Serbian President Vucic pledges to ensure peace amid simmering ethnic tensions in Kosovo

Following a meeting of Serbia’s National Security Council, Serbian President Aleksandar Vucic has vowed to maintain peace but claims his army is ready to protect minority Serbs living in neighbouring Kosovo.

Speaking after the meeting with Serbia’s national television channel RTS, Vucic said “we have taken certain measures to protect our homeland.”

“I have issued orders and the National Security Council has accepted them. I am very proud of our soldiers and policemen. Before they receive orders … we will try for a million times to preserve peace,” he said.

Tensions remain high in northern Kosovo, between the authorities in Kosovo’s capital Pristina and ethnic Serbs.

Roads were blocked with heavy vehicles and trucks by Serb protesters, ostensibly after the arrest of a former Kosovo Serb police officer on Saturday.
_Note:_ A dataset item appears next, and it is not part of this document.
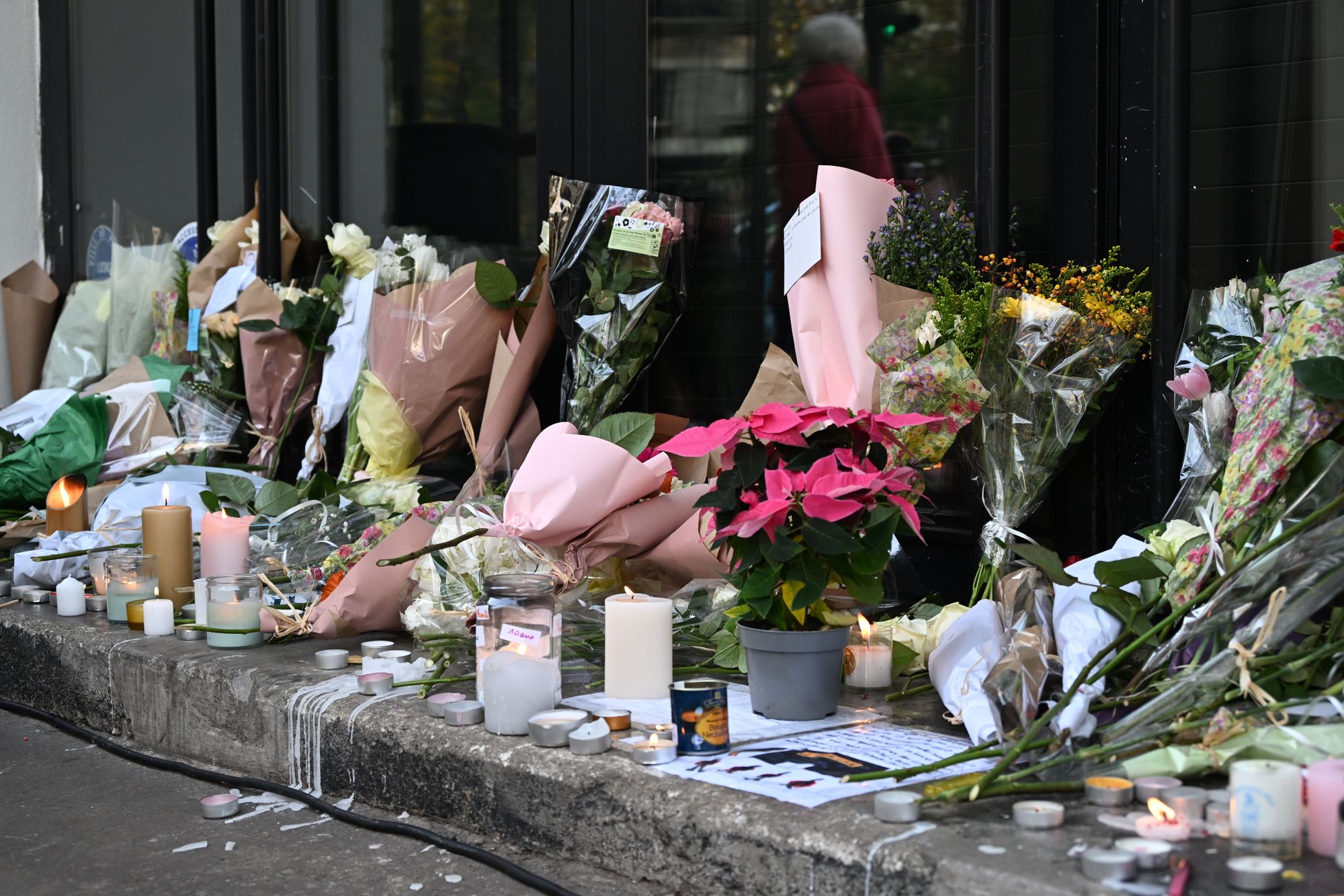 Flowers laid at the Bataclan concert hall in Paris on the 10th anniversary of the attack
The policeman in question was part of a mass resignation of Serbs from the force in November after Pristina said it would require Serbs to scrap Serbian licence plates dating to before the 1998-99 Kosovo War that led to independence.

There was also an incident in which Serb protesters threw a stun grenade at an armoured vehicle of EULEX, an EU mission tasked with patrolling northern Kosovo. No one was injured.
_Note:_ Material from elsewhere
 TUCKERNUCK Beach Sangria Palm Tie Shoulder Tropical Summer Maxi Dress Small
Kosovo’s Prime Minister Albin Kurti described the protesters as “criminal gangs” and asked the NATO-led peacekeeping Kosovo Force (KFOR) to remove the barricades.

Kurti also accused Serbia of attempting to sabotage EU-mediated dialogue on normalising bilateral ties and take it to the United Nations Security Council, where Serbia could seek support from allies Russia and China.

Vucic says he will ask the NATO-led force to permit the deployment of 1,000 Serb troops in the Serb-populated north of Kosovo, claiming they are being harassed there. It’s a request most certain to be turned down as it would contravene the two-decade-old peace agreement.

Tensions have been high in Kosovo ever since it proclaimed independence from Serbia, despite attempts by the EU and US officials to defuse them.

Serbia refuses to recognise Kosovo’s statehood.